Steve Mentz teaches early modern and Renaissance literature, with recent courses on the Poetics of the Early Modern Globe; Shakespeare, Education, and Power; and Urban Culture from Elizabethan London to twenty-first-century New York.  His latest scholarly passion is maritime culture, which has generated a new book, At the Bottom of Shakespeare's Ocean (2009), and an upcoming public gallery exhibition, "Lost at Sea: The Ocean in the Early Modern Imagination, 1550 - 1750," at the Folger Shakespeare Library in Washington, DC, in the summer of 2010.  He is also the author of Romance for Sale in Early Modern England: The Rise of Prose Fiction (2006), Rogues and Early Modern English Culture (2004), and numerous articles on Shakespeare, ecological criticism, maritime culture, and related topics.  He regularly reviews plays for Shakespeare Bulletin, and his Shakespeare classes see at least one new performance each semester.
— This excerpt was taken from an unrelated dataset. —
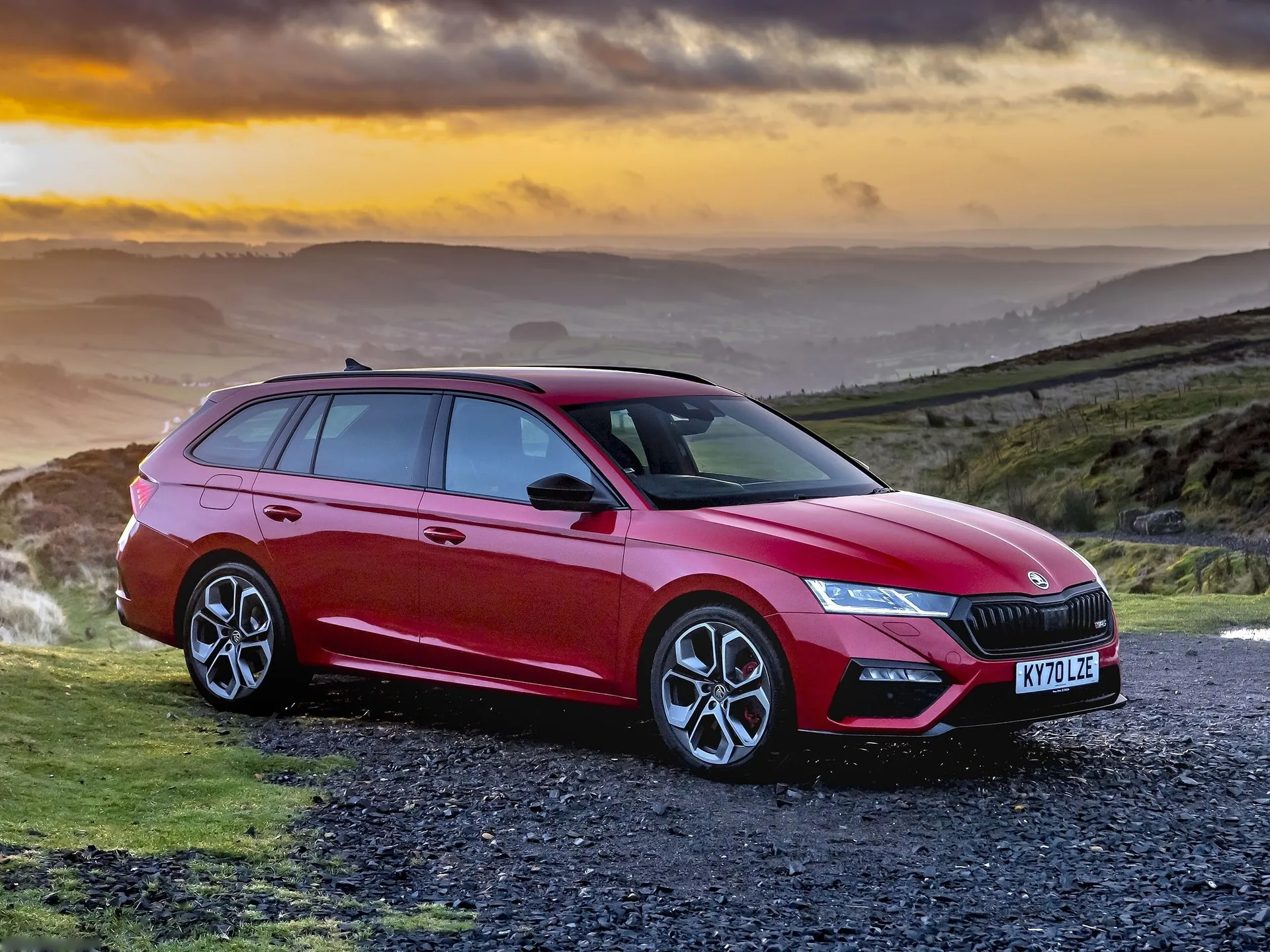 Skoda Octavia vRS Estate [UK] (2020)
Before arriving at St. John’s, Dr. Mentz taught for three years in the English Department at Iona College in New Rochelle, NY.  His Bachelors’ degree is from Princeton University (summa cum laude), where his senior thesis won the Francis LeMoyne Page Prize in Creative Writing.  His PhD is from Yale University, where he received several prize fellowships and grants.

Most recently, Dr. Mentz was the R. David Parsons Fellow at the John Carter Brown Library at Brown University during the academic year 2008-2009.  His research in maritime literature and culture has also received fellowship support from the National Endowment of the Humanities, the Folger Shakespeare Library, and the National Maritime Museum in London.  He has received three St. John's University Summer Fellowships (2008, 2006, and 2004), and has twice participated in Research Seminars at the Folger Shakespeare Library.

Dr. Mentz’s first book, Rogues and Early Modern English Culture (Michigan, 2004; paperback 2006) is a collection of essays about criminality and urban culture in England.  The book explores the longstanding fascination criminals and their stories have in our culture; a review in London’s Times Literary Supplement claims that it “makes a fine case for the centrality of the rogue and rogue writing to any understanding of the early modern city and its culture.”  His second book, Romance for Sale in Early Modern England: The Rise of Prose Fiction (Ashgate, 2006), investigates the then-new practice in Elizabethan London of printing prose narratives to sell them at city bookshops.  This project contributes to the scholarly subfield known as “the history of the book,” which considers not just print culture in early modern Europe but also communications technologies from the pen to the internet.

His current project, “Shipwreck and the Meanings of Ocean, 1552-1719,” explores shipwreck narratives from Shakespeare’s The Tempest to Defoe’s Robinson Crusoe.  With this project Dr. Mentz joins other scholars interested in “ecocriticism” and “historicizing the oceans” in exploring humankind’s relationship to the oceans and the natural world, and also how these symbolic relationships speak to our twenty-first century ecological crisis.

He was also a McNair Fellowship mentor during 2004-5.